What the task asks: Type out the full set of entries again, unchanged.

Material for this task:
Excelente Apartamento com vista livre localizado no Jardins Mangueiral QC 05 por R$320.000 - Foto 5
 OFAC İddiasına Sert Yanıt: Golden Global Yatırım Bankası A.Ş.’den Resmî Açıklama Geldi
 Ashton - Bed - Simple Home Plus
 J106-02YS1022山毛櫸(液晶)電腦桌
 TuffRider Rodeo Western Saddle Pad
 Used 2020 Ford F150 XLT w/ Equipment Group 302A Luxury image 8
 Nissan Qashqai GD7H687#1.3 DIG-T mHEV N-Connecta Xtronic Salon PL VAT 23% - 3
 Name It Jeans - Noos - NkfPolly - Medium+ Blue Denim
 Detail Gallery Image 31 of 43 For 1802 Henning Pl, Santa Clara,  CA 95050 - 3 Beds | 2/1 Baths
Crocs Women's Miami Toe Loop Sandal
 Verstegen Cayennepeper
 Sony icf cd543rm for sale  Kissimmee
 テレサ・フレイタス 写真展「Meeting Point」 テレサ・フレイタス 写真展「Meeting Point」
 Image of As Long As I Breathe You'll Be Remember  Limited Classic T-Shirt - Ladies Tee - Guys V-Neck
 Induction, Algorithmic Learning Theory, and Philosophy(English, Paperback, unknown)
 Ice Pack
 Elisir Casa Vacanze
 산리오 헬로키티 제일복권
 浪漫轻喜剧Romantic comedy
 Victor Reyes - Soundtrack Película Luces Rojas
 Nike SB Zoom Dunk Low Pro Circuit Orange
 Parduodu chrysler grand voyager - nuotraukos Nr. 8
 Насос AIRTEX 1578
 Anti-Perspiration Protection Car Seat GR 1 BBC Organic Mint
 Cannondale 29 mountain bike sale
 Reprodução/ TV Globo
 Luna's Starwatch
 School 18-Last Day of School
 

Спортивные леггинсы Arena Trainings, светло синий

Worked solution:
Excelente Apartamento com vista livre localizado no Jardins Mangueiral QC 05 por R$320.000 - Foto 5
 OFAC İddiasına Sert Yanıt: Golden Global Yatırım Bankası A.Ş.’den Resmî Açıklama Geldi
 Ashton - Bed - Simple Home Plus
 J106-02YS1022山毛櫸(液晶)電腦桌
 TuffRider Rodeo Western Saddle Pad
 Used 2020 Ford F150 XLT w/ Equipment Group 302A Luxury image 8
 Nissan Qashqai GD7H687#1.3 DIG-T mHEV N-Connecta Xtronic Salon PL VAT 23% - 3
 Name It Jeans - Noos - NkfPolly - Medium+ Blue Denim
 Detail Gallery Image 31 of 43 For 1802 Henning Pl, Santa Clara,  CA 95050 - 3 Beds | 2/1 Baths
Crocs Women's Miami Toe Loop Sandal
 Verstegen Cayennepeper
 Sony icf cd543rm for sale  Kissimmee
 テレサ・フレイタス 写真展「Meeting Point」 テレサ・フレイタス 写真展「Meeting Point」
 Image of As Long As I Breathe You'll Be Remember  Limited Classic T-Shirt - Ladies Tee - Guys V-Neck
 Induction, Algorithmic Learning Theory, and Philosophy(English, Paperback, unknown)
 Ice Pack
 Elisir Casa Vacanze
 산리오 헬로키티 제일복권
 浪漫轻喜剧Romantic comedy
 Victor Reyes - Soundtrack Película Luces Rojas
 Nike SB Zoom Dunk Low Pro Circuit Orange
 Parduodu chrysler grand voyager - nuotraukos Nr. 8
 Насос AIRTEX 1578
 Anti-Perspiration Protection Car Seat GR 1 BBC Organic Mint
 Cannondale 29 mountain bike sale
 Reprodução/ TV Globo
 Luna's Starwatch
 School 18-Last Day of School
 

Спортивные леггинсы Arena Trainings, светло синий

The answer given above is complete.